[[ Provided data open ]]

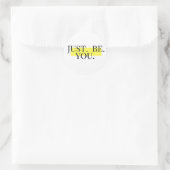 Autocollant Just Be You noir sur rectangle jaune (Sac)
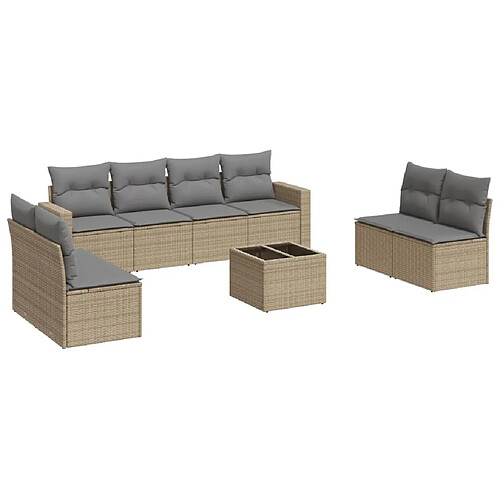 Maison Chic Salon de jardin avec coussins 9 pcs | Ensemble de Table et chaises | Mobilier d'Extérieur beige résine tressée -GKD62011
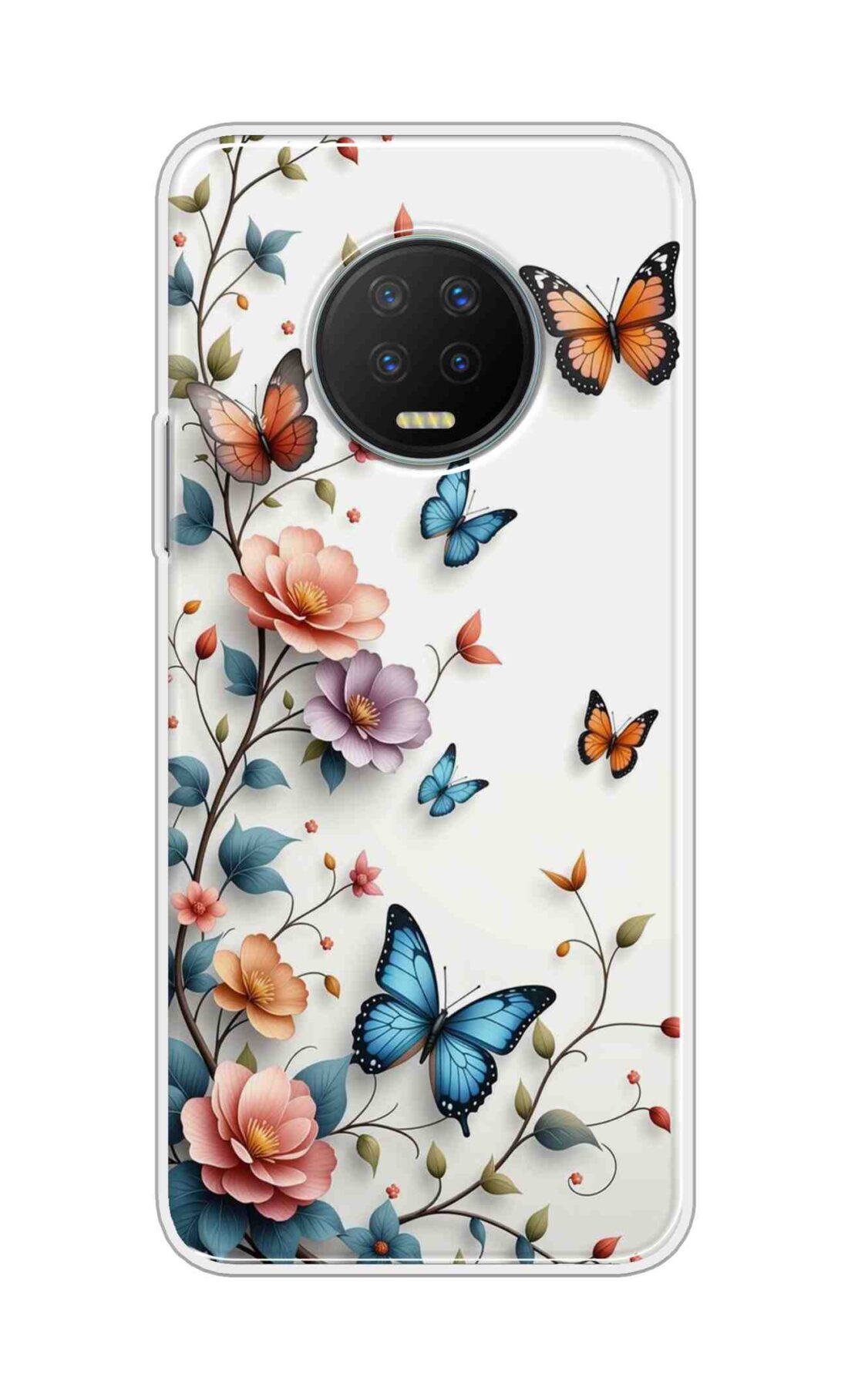 Coberta Back Cover For Infinix Note 7 Back Cover Stylish Case - Multi Flowers and Butterflyes Design D16617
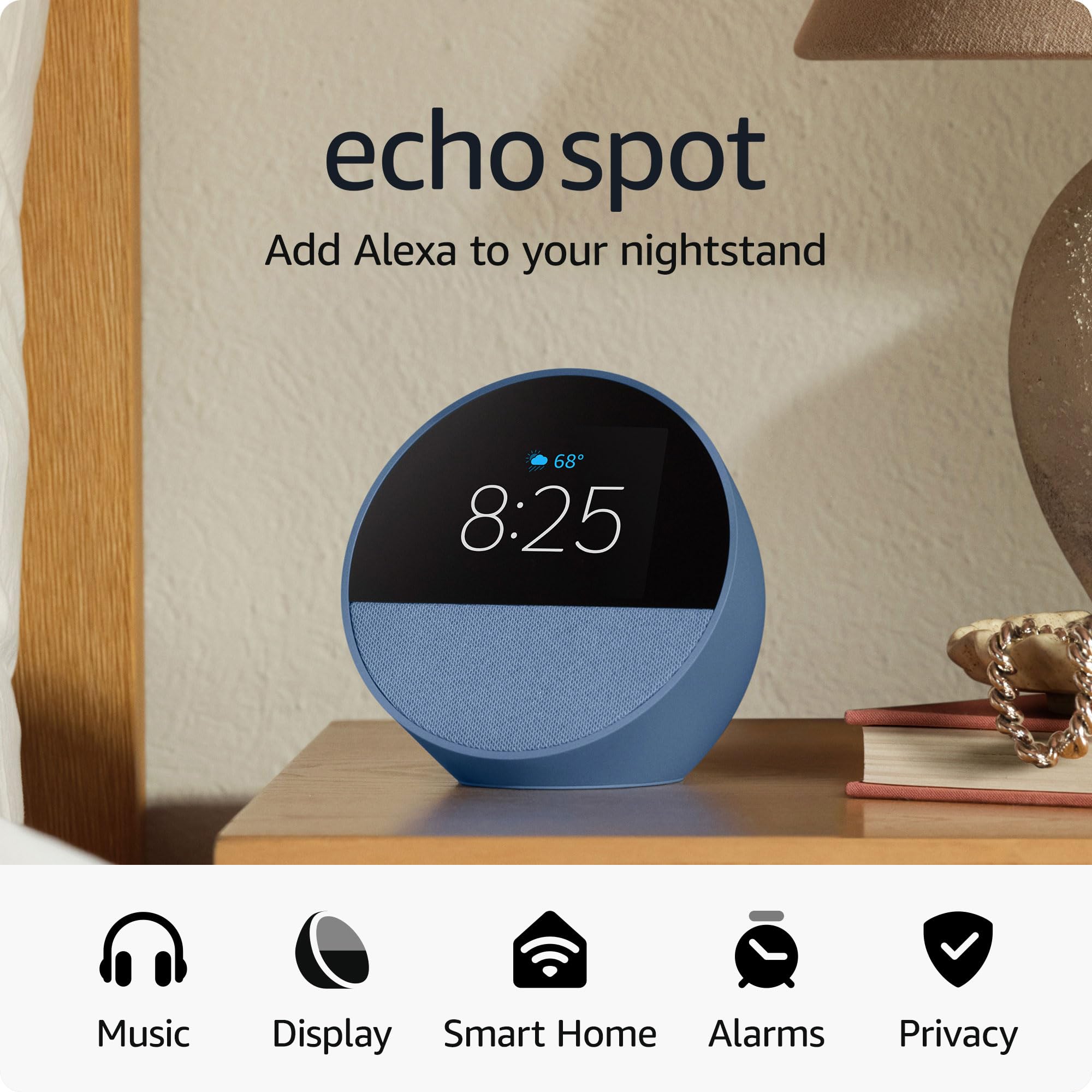Amazon Echo Spot (Latest Model) - Smart Alarm Clock with Alexa, Ocean Blue | Perfect for Nightstands, Offices & Kitchens | Voice Control, Weather Updates, Music Streaming & More
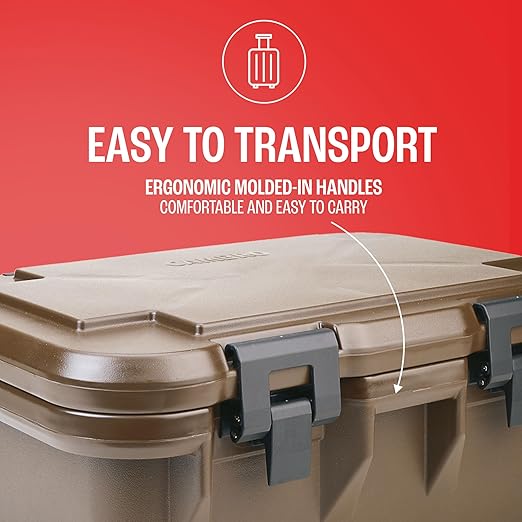Cambro Insulated Food Pan Carrier - 6 Inch Deep Hotbox and Food Warmer for Catering & Transport - Top Load S-Series (Brown)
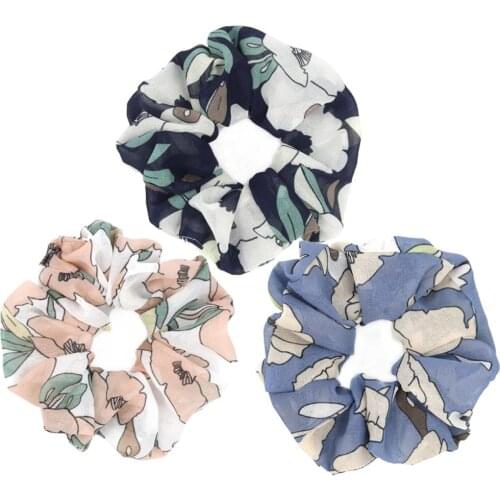 Furling Girl 1 PC Chiffon Floral Print Hair Bands Hair Scrunchies Ponytail Holder Women Hair Accessories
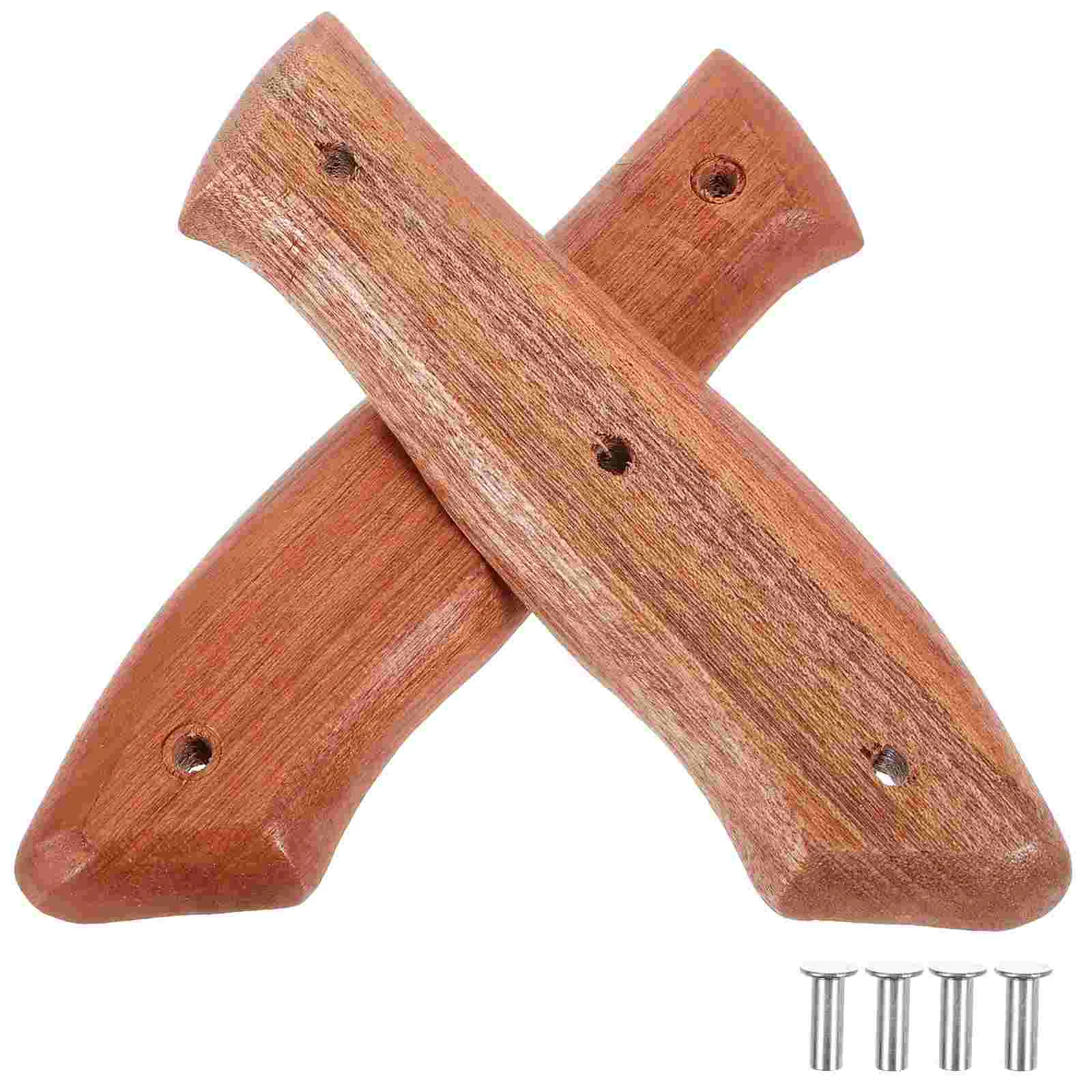 

2 Pcs Wooden Knife Handles for Repair Replacement Kitchen Handle Making Supplies Strong Simple Design
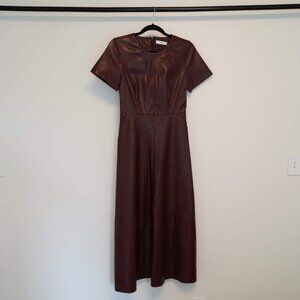 Mango | Burgundy Leather Midi Dress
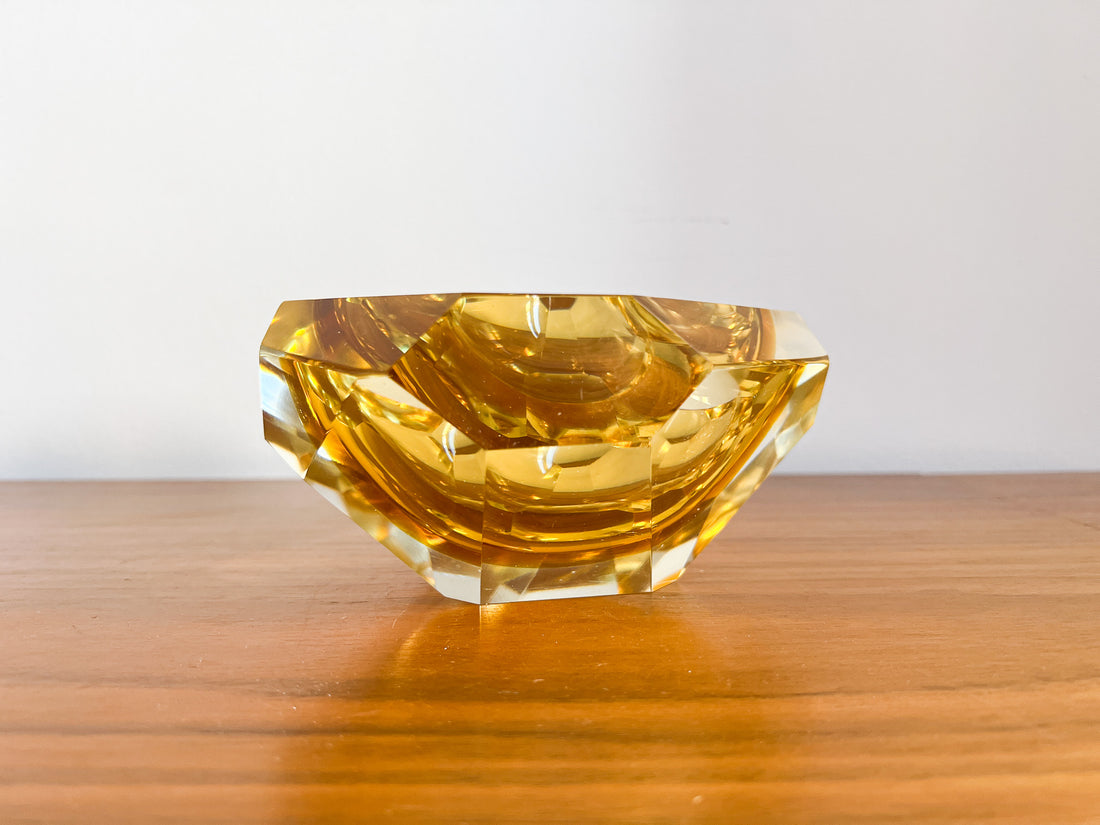 Murano Style Crystal Amber Glass Ashtray Dish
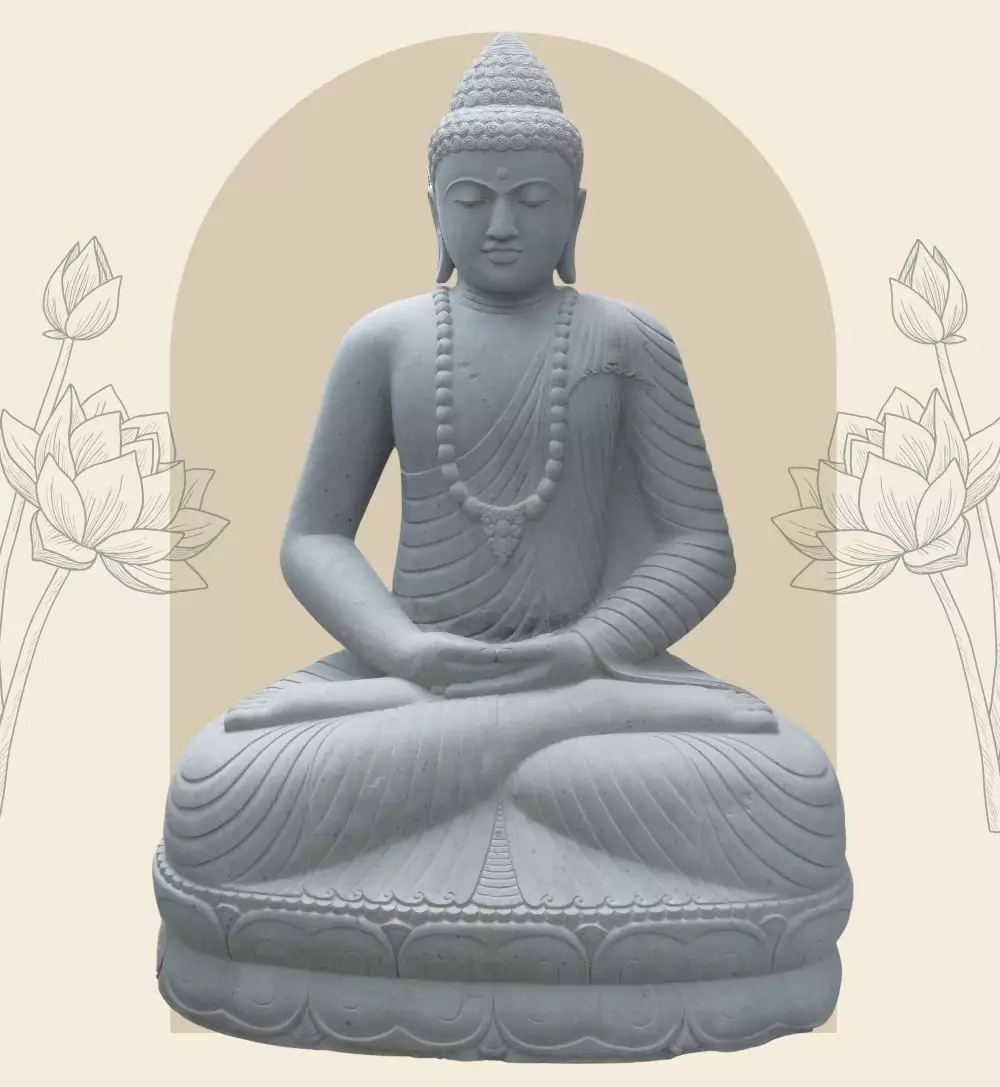  Product image 1 of the product “Seated Buddha made of Riverstone in Dhyana Position - gesture of meditation, H. 190 CM ”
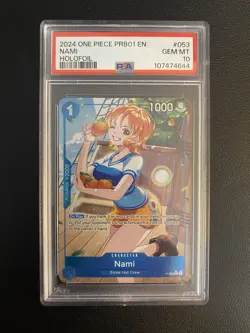 One Piece TCG Nami Alternate Art PRB01 P-053 Psa 10 ENGLISH - Image 1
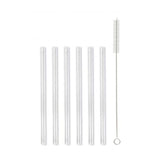 Set of 6 glass straws transparent 15cm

[[ Provided data closed ]]

Exactly the lines from the one containing "2 Pcs Wooden" through the end of the data above: repeat those, both ends included, and nothing else. Skip the pictures.

2 Pcs Wooden Knife Handles for Repair Replacement Kitchen Handle Making Supplies Strong Simple Design
 Mango | Burgundy Leather Midi Dress
 Murano Style Crystal Amber Glass Ashtray Dish
  Product image 1 of the product “Seated Buddha made of Riverstone in Dhyana Position - gesture of meditation, H. 190 CM ”
 One Piece TCG Nami Alternate Art PRB01 P-053 Psa 10 ENGLISH - Image 1
 Set of 6 glass straws transparent 15cm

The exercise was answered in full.